With the credit card bill in place, cardholders are hoping that things are going to change for the better for them, credit wise. However, if credit industry experts are to be believed, their sense of relief may be misplaced.
While the credit card bill does provide legislation which will make credit card practices less predatory and more consumer friendly, these same legislation will also mean that credit cardholders are going to have to deal with credit that is harder to get. For instance, the legislation limiting the capabilities of credit card companies to adjust interest rates of an existing debt means that credit card companies are going to be offering higher interest rates at the very start. It won't matter either how good of a borrower the credit cardholder is.
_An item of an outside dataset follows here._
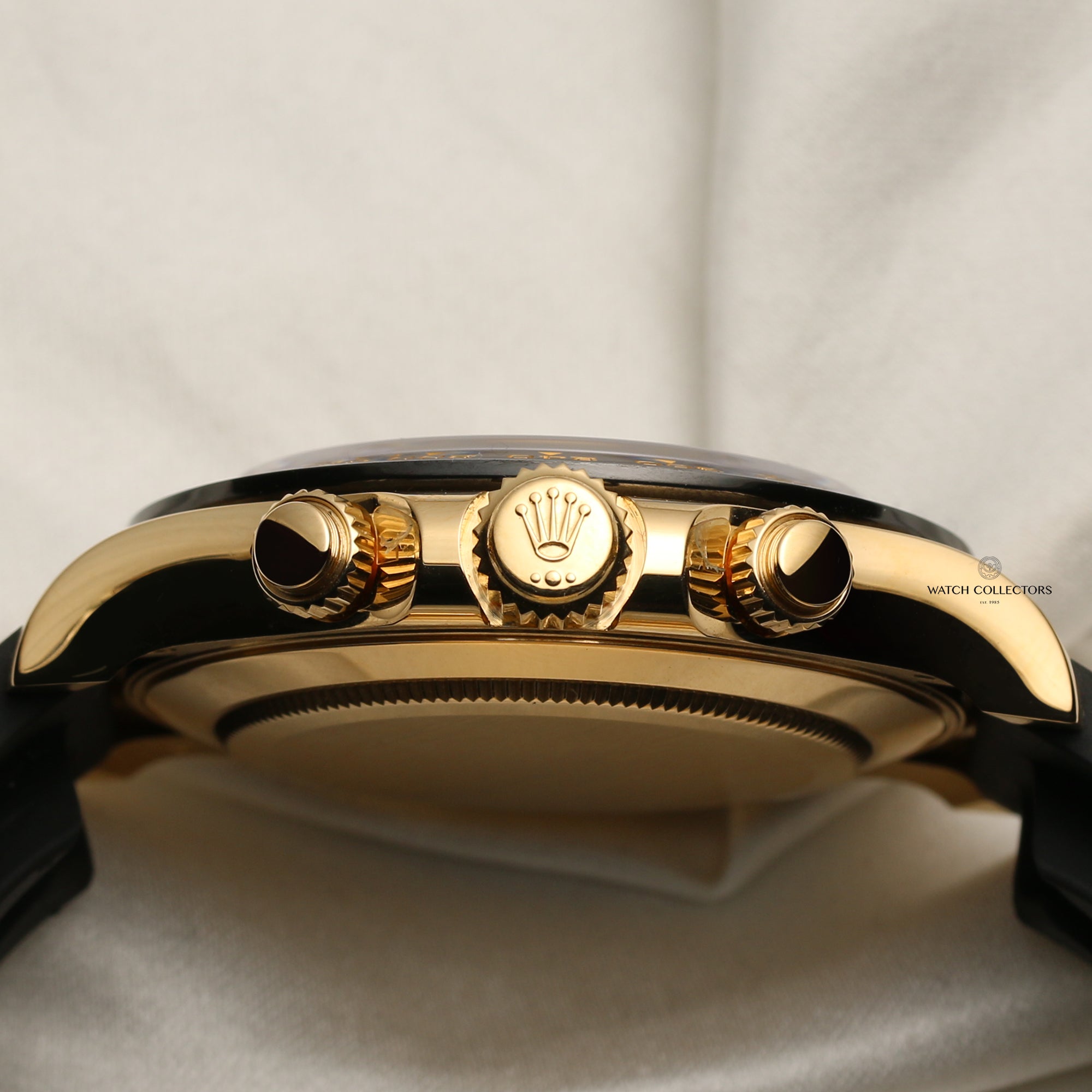 Rolex Daytona 116518 18K Yellow Gold Ceramic Bezel Second Hand Watch Collectors 6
Credit card companies see adjusting interest rates on an existing debt as a way to adapt the specific credit line according to the risk exposure of the cardholder. Without this capability, they say that they have no other choice but to spread their risks across their customers, regardless of risk. What this means is that, if a one cardholder is not able to pay the interest rate commensurate to the risk that he or she poses for the credit company, then all the other customers of that company have to pay a higher interest rate as a result.
Whether this scenario will actually happen or not still remains to be seen, cardholder advocates counter. Credit cardholders are getting smarter about managing their credit and, with the disclosure amendments in place, they can make much more intelligent decisions. Competition among credit card companies is another factor in their favor as well.